The culture I'm talking about makes it nearly impossible for people to honestly debate sensitive issues in public. That's counterproductive. Since the Enlightenment, liberal Western societies have resolved disputes and questions through open discussion. If an idea - that Islam is a violent religion, that genetics might account for differences in gender equality, that affirmative action does more harm than good?- is wrong, then rational argument or science will prove it wrong. If we as a society want to discredit patently false ideas like Irving's, destroying his arguments in the open is a far better option than silencing him with prison. Sunlight, as they say, is the best disinfectant.

If real, open discussion doesn't happen in public and in academia, then people who hold misguided views will never be proven wrong or change their minds; most will simply shut up or seek like-minded people to share their opinions.

In many ways, this campus provides a fine example of the worst consequences of rigid multiculturalism and identity politics. Too often, what we call "dialogue" on issues like race is closer to preaching. Our education on diversity is mostly limited to reverence of multiculturalism and learning to spot stereotypes; few come away knowing how to engage those who don't agree or don't understand. Maybe that's because the University was until recently in the habit of threatening those people with suspension under its speech code. The effect of all this seems to be a campus that is shamefully self-segregated and too nervous to talk about it.

This is why progressives, especially on this campus, should realize that their goals are best served by putting the politics of offense behind them and embracing liberalism. If an idea upsets you, rather than attacking it as offensive, try to prove it wrong. It won't always be comfortable; it shouldn't be.

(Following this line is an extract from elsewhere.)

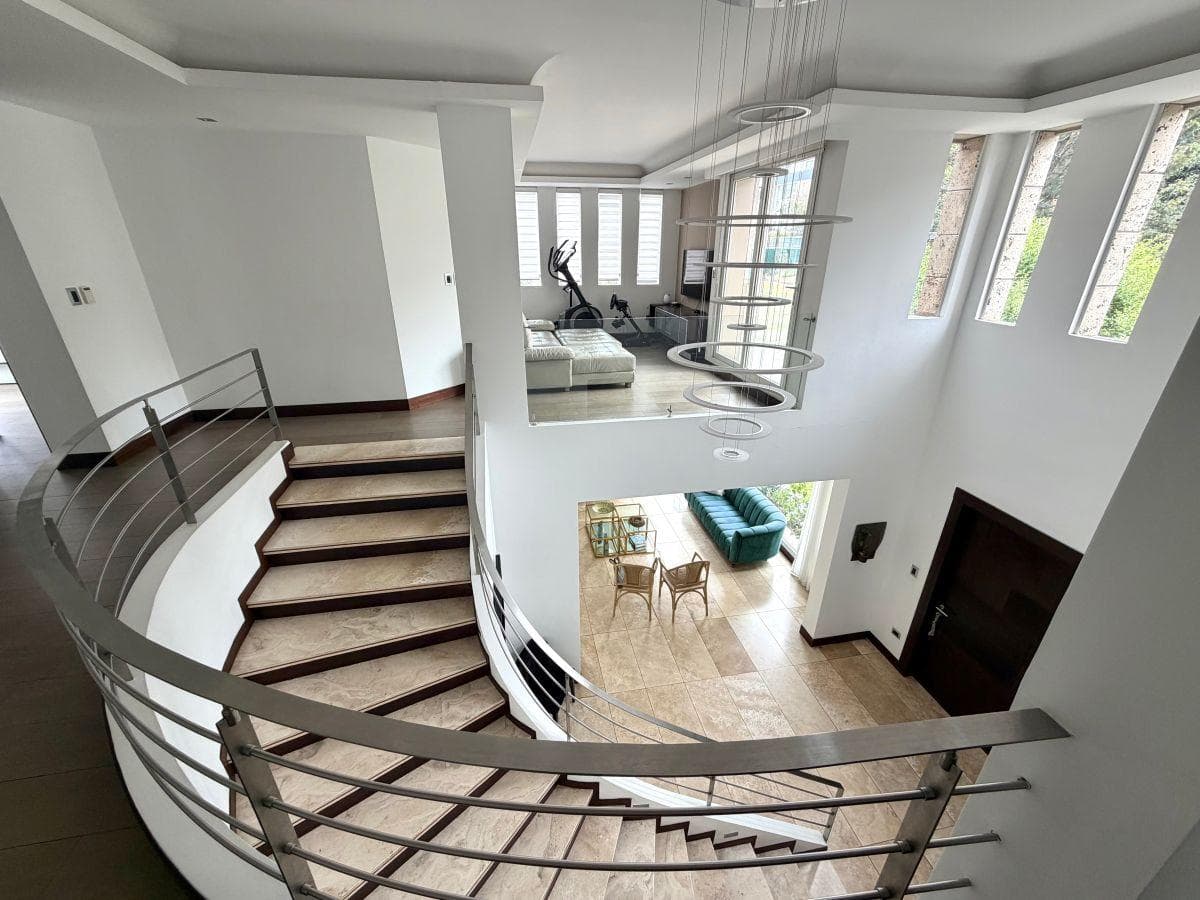 Vendo Fabulosa Casa Moderna 700 m² Construcción, Vistas, Jardines, Pérgolas — imagen 2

In the interest of free debate, the Daily will continue to print cartoons that may occasionally offend you. That's an inevitable part of being a newspaper, and a campus newspaper especially should be a place where ideas are exchanged freely. It would be much easier for us to simply pull all cartoons that are potentially offensive, but we would be doing the campus a disservice.

That's not to say the Daily or anyone else should cause offense for no reason. We chose not to reprint the Jyllands-Posten cartoons on this page because we felt the shock of the images -- whether it comes from the actual content or the symbolism they carry -- would overwhelm the message. And if I'm wrong - well, prove it.